Yu Hongliang, Gu Dayong, He Xia, Gao Xianshu, Bian Xiuhua
Department of Radiation Oncology, Jiangsu Cancer Hospital affiliated with Nanjing Medical University, Nanjing, People's Republic of China.
Department of Radiation Oncology, Peking University First Hospital, Peking University, Beijing, People's Republic of China.

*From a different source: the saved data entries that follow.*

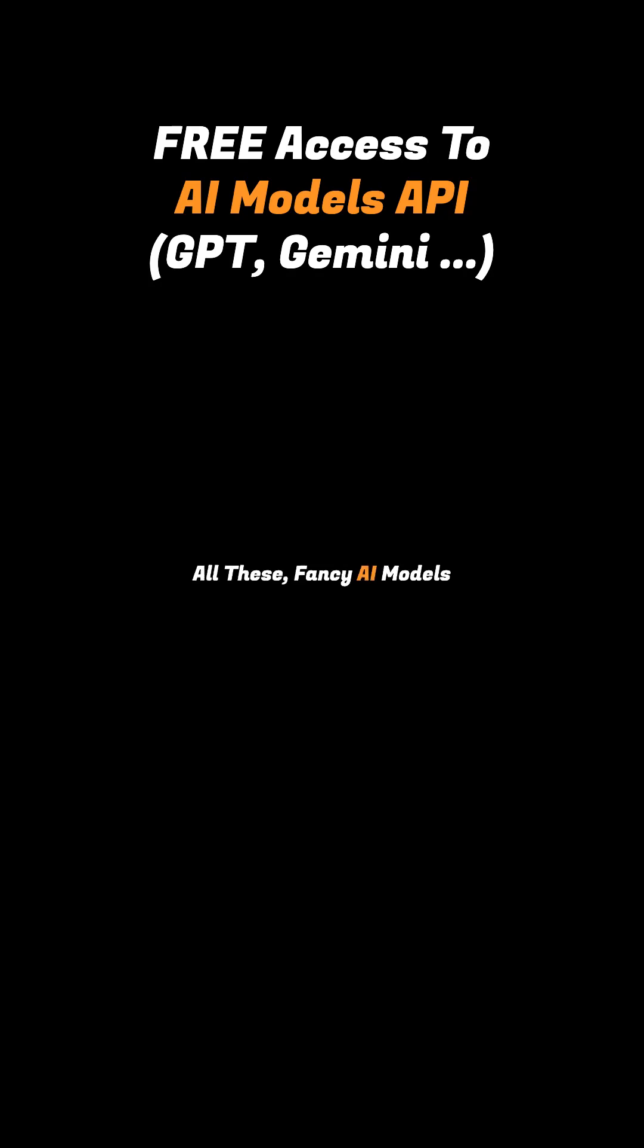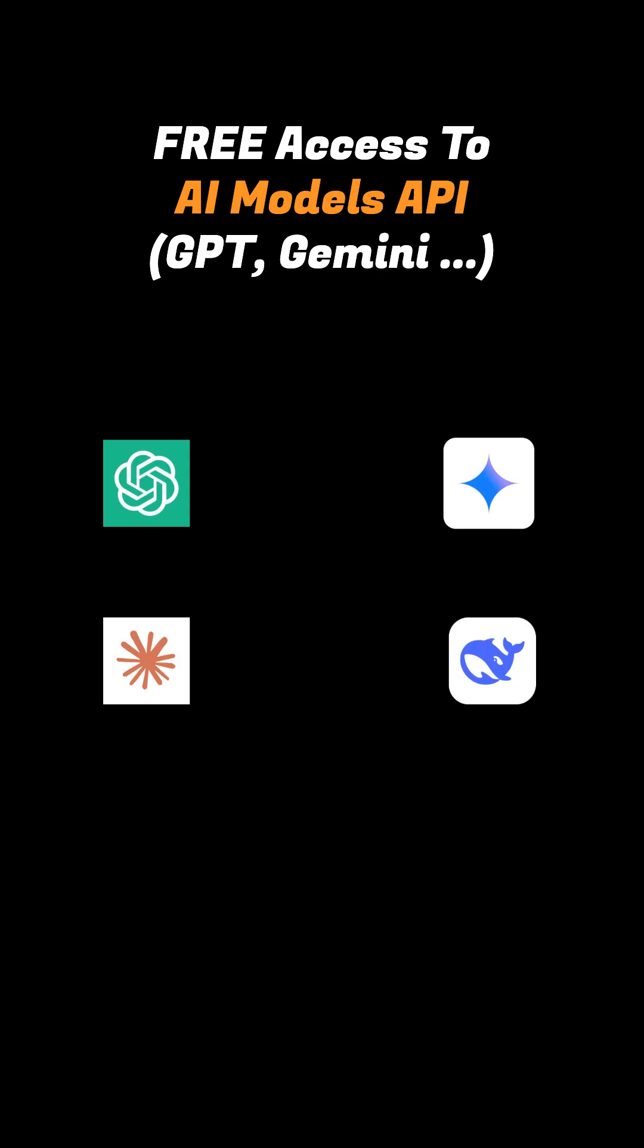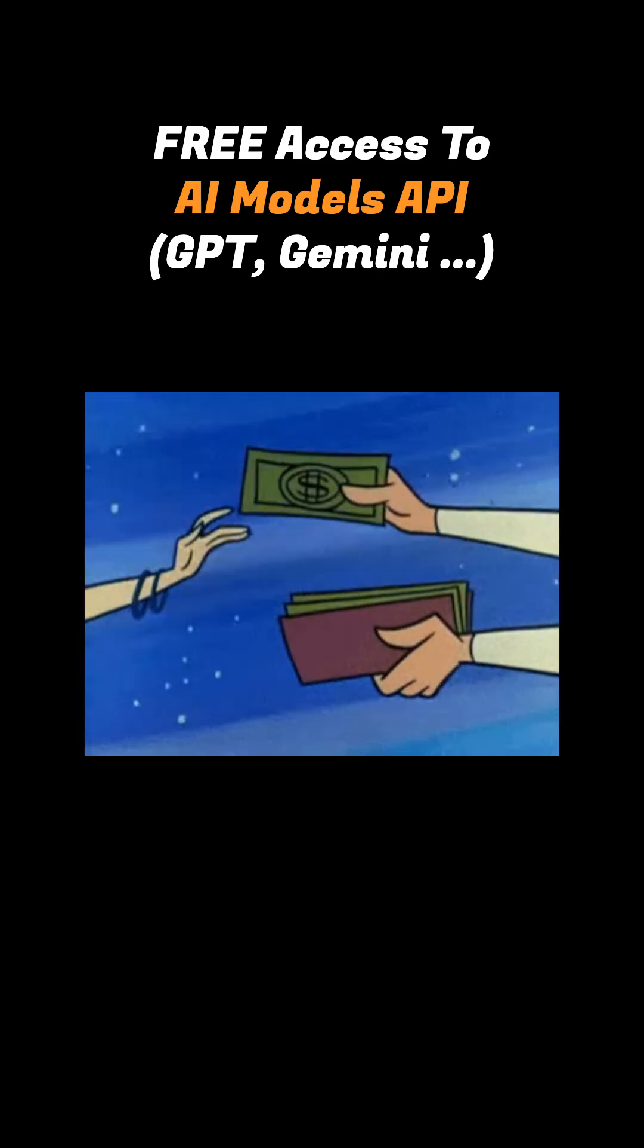So you want to use all these fancy AI models like GPT, Gemini, Claude, DeepSeq, and other hundreds of models, but don't want to pay for it?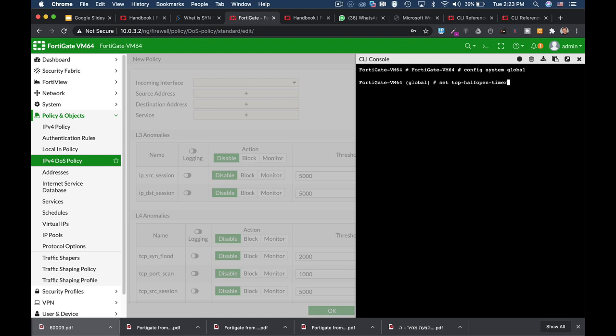The half-closed timer actually tells our FortiGate you can terminate sessions that are waiting for TCP packets with the FIN flag that is set to ON. Now, the half-open timer is what we have just saw. Our FortiGate actually waits for the TCP SYN ACK that is coming from the client and is actually the last step in the three-way handshake.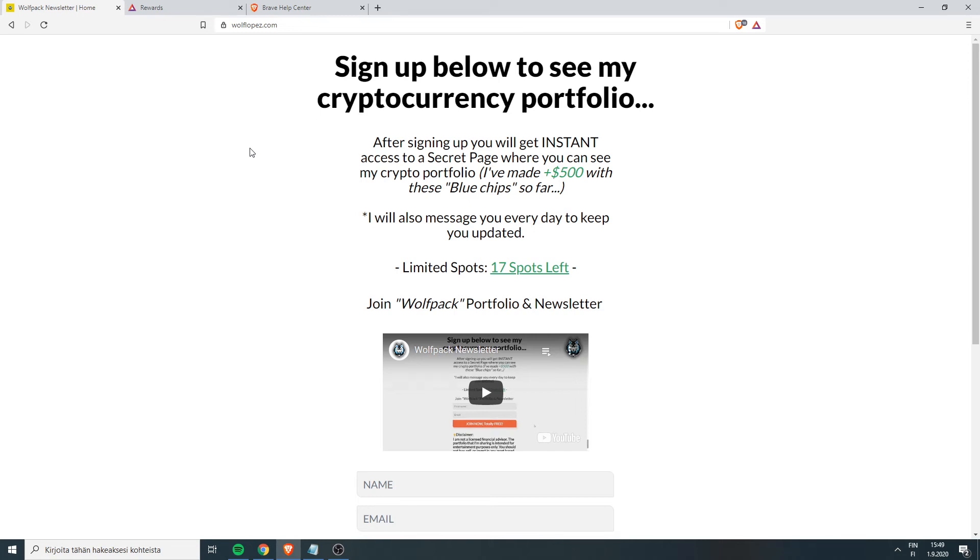Limited spots because I don't want too many people coming there. I want to create a tight, good community.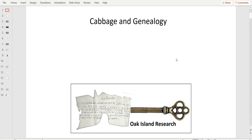Welcome back to the channel for a new video today called Cabbage and Genealogy, which is kind of odd in the context of treasure hunting. A couple of words before I start.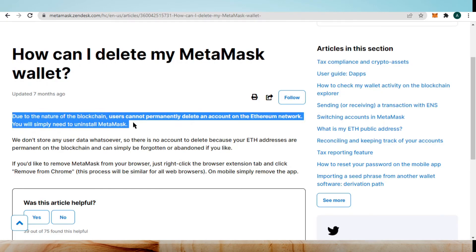To delete a MetaMask wallet, when you go to the MetaMask Help Center, you will see an article which says: due to the nature of blockchain, users cannot permanently delete their account. You can only delete an NFT collection on your OpenSea account if you want. Also, if you want to make a new account with your current email address, then change the email address on your current MetaMask wallet and create a new account with that email.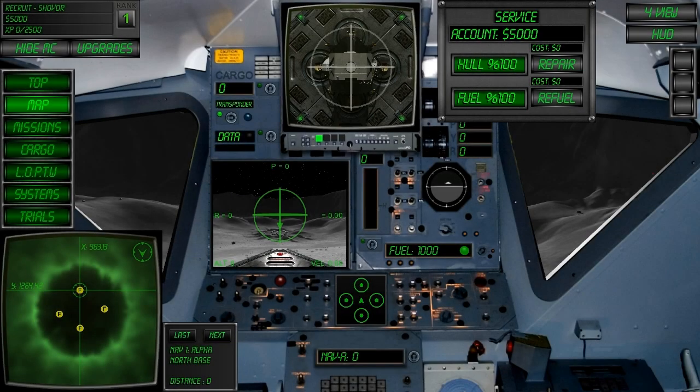Welcome to LunarFlight Tutorial 3: Navigation and Heading Alignment. LunarFlight features several systems to help you navigate and fly in the correct direction depending on your current mission objective.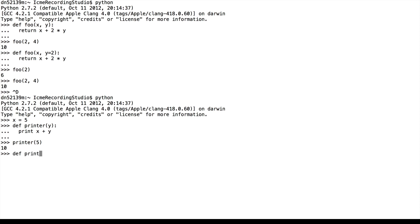What if we alternatively define printer with two variables, x and y, and then print x plus y?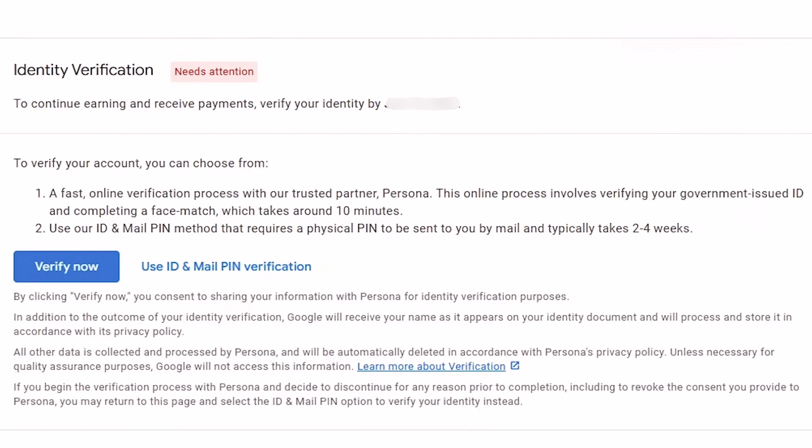Here you will see two options for verification. First is the online instant method, and the second one is the manual old method that has been there for a long time.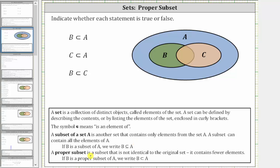A proper subset is a subset that is not identical to the original set — it contains fewer elements. So if B is a proper subset of A, all the elements of B are in set A, but the two sets cannot be identical, or we can say B has fewer elements than A. We indicate this using this notation here, and we state B is a proper subset of A. Again, it might be helpful to think of the less than inequality symbol.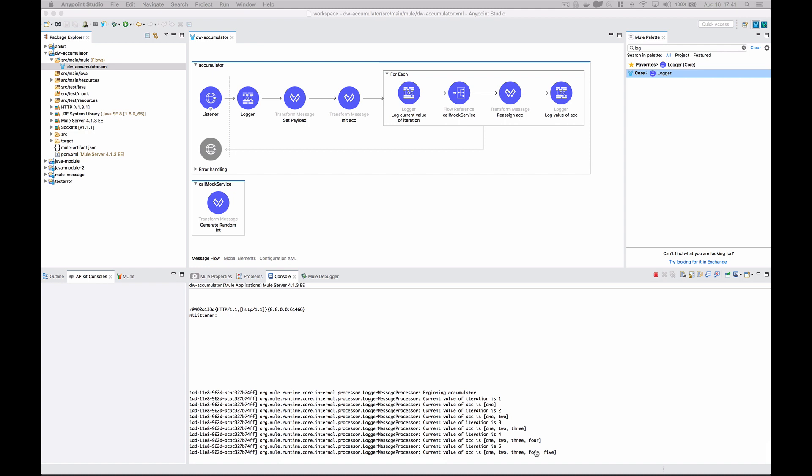Accumulate values from a for each loop into an array using DataWeave, into an array list in Mule 4. Hope you enjoyed.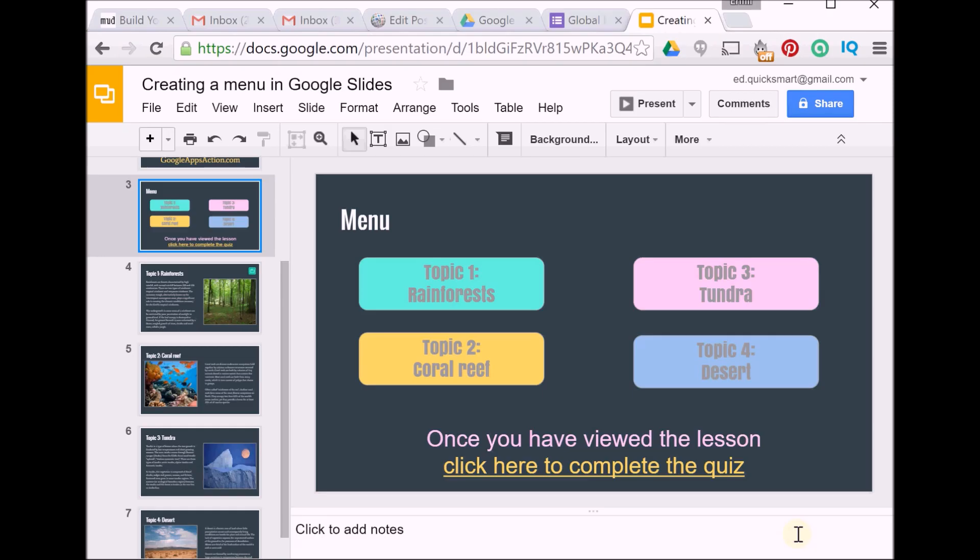So once we have set up our menu and we have a link to our quiz, we can create a return to menu button on each of our content pages. Ideally you would create that in the slide master so you put it once in the layout and it'll automatically replicate across every slide using that layout.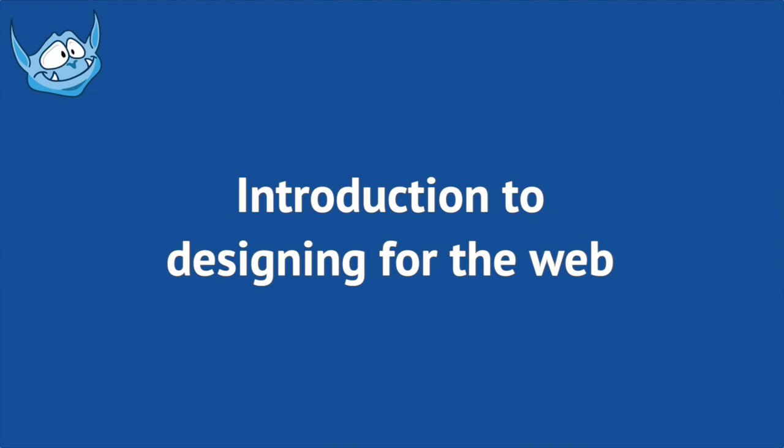Hello and welcome to this introduction to designing for the web. My name's Paul Boag and I'm here to introduce you to some of the fundamental principles that underpin the designs you see every day online.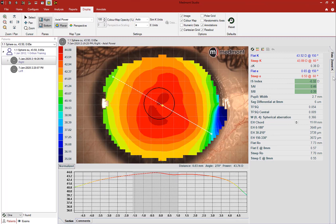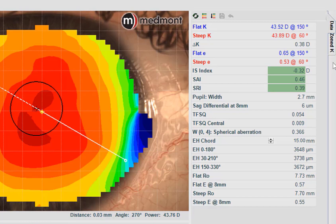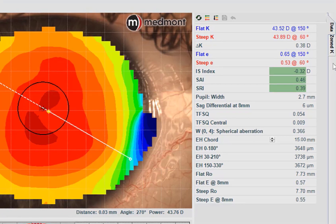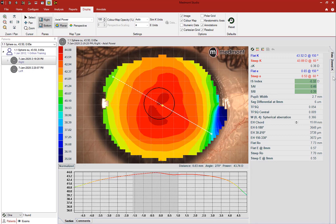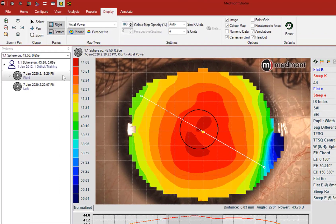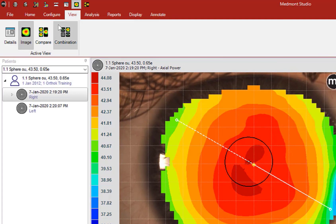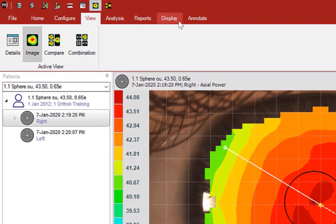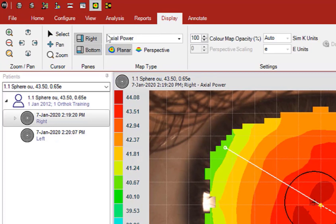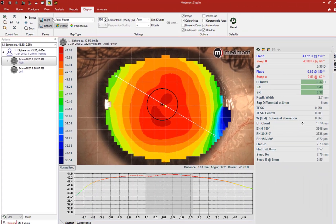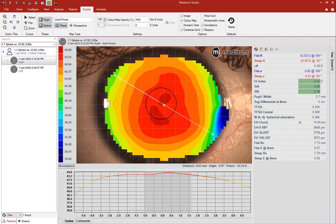Hello, and welcome to this Medmont Topographer orientation on the Attributes window. This video will attempt to uncover the Attribute Analysis Display options along with their clinical and contact lens application. My name is Randy Kojima. To display the attributes on your main Medmont window, select a map or maps, then go to View and select Image. Under Display, make sure the right is selected so the Attributes window will be visible. Let's start with the case.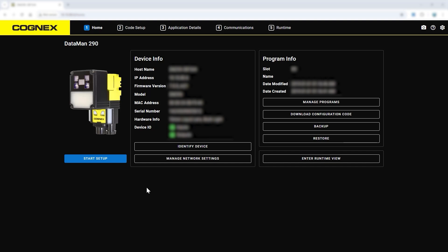This video will walk through a standard application setup on the DataMan web user interface from start to finish. To connect to the system, refer to the product's unboxing video. Once connected to the device,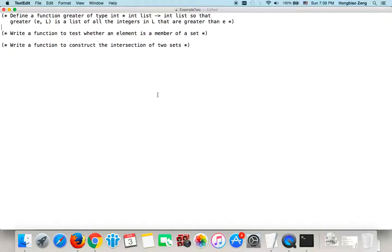This video is recorded to help students understand how to use pattern to write ML functions. After students understand these examples, they should be able to do projects too. We will use a text editor to write down our code.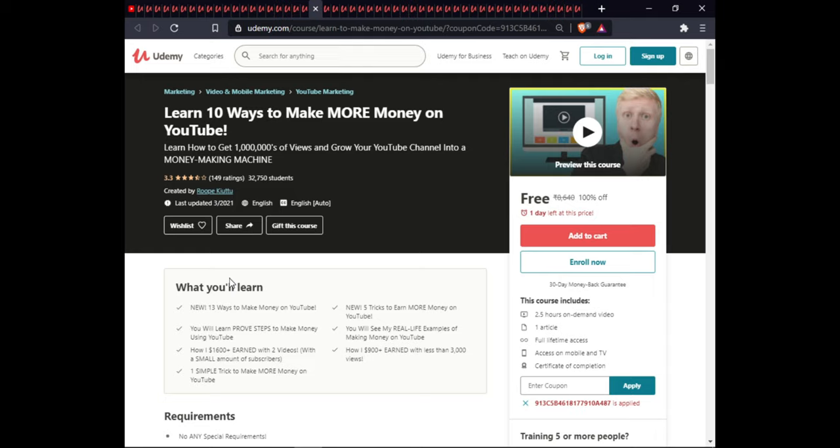The next course is Learn 10 Ways to Make More Money on YouTube. In this course you will learn 13 ways to make money on YouTube, 5 tricks to earn more money on YouTube, how to prove your steps to make money using YouTube, and real-life examples of making money on YouTube. This course is 2.5 hours of on-demand video, includes 1 article, full lifetime access, and certification.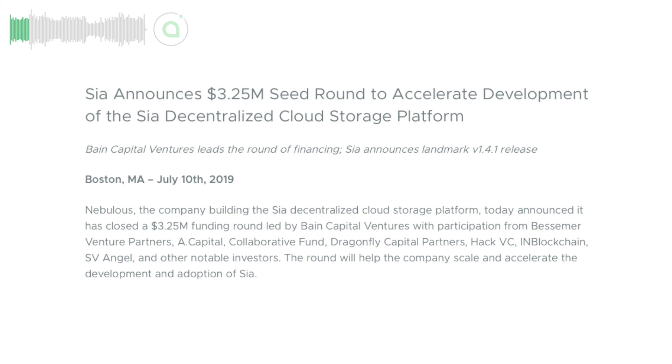Our first piece of news is a big one. We've raised $3.25 million to accelerate the development of the SIA platform.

Onco Targets Ther. 2016 Jan 5;9:159-70. doi: 10.2147/OTT.S96983. eCollection 2016.
Whether the addition of induction chemotherapy (IC) or adjuvant chemotherapy (AC) to concurrent chemoradiotherapy (CCRT) is superior to CCRT alone for locally advanced nasopharyngeal cancer is unknown. A Bayesian network meta-analysis was performed to investigate the efficacy of CCRT, IC + CCRT, and CCRT + AC on locally advanced nasopharyngeal cancer. The overall survival (OS) with hazard ratios (HRs) and locoregional recurrence rates (LRRs) and distant metastasis rates (DMRs) with risk ratios (RRs) were investigated. After a comprehensive database search, eleven studies involving 2,626 assigned patients were included in this network meta-analysis. Compared with CCRT alone, IC + CCRT resulted in no significant improvement in OS or LRR and a marginal improvement in DMR (OS: HR =0.67, 95% credible interval (CrI) 0.32-1.18; LRR: RR =1.79, 95% CrI 0.80-3.51; DMR: RR =1.79, 95% CrI 0.24-1.04) and CCRT + AC exhibited no beneficial effects on any of the endpoints of OS, LRR, or DMR (OS: HR =0.99, 95% CrI 0.64-1.43; LRR: RR =0.78, 95% CrI 0.43-1.32; DMR: RR =0.85, 95% CrI 0.57-1.24). As a conclusion, for locally advanced nasopharyngeal cancer, no significant differences in the treatment efficacies of CCRT, IC + CCRT, and CCRT + AC were found, with the exception of a marginally significant improvement in distant control observed following IC + CCRT compared with CCRT alone.
对于局部晚期鼻咽癌,在同步放化疗(CCRT)基础上联合诱导化疗(IC)或辅助化疗(AC)是否优于单纯CCRT尚不清楚。进行了一项贝叶斯网络荟萃分析,以研究CCRT、IC + CCRT和CCRT + AC对局部晚期鼻咽癌的疗效。研究了总生存(OS)的风险比(HRs)以及局部区域复发率(LRRs)和远处转移率(DMRs)的风险比(RRs)。经过全面的数据库检索,该网络荟萃分析纳入了11项研究,涉及2626例分配患者。与单纯CCRT相比,IC + CCRT在OS或LRR方面无显著改善,在DMR方面有轻微改善(OS:HR = 0.67,95%可信区间(CrI)0.32 - 1.18;LRR:RR = 1.79,95% CrI 0.80 - 3.51;DMR:RR = 1.79,95% CrI 0.24 - 1.04),且CCRT + AC在OS、LRR或DMR的任何终点上均未显示出有益效果(OS:HR = 0.99,95% CrI 0.64 - 1.43;LRR:RR = 0.78,95% CrI 0.43 - 1.32;DMR:RR = 0.85,95% CrI 0.57 - 1.24)。结论是,对于局部晚期鼻咽癌,CCRT、IC + CCRT和CCRT + AC的治疗效果无显著差异,但与单纯CCRT相比,IC + CCRT在远处控制方面有轻微显著改善。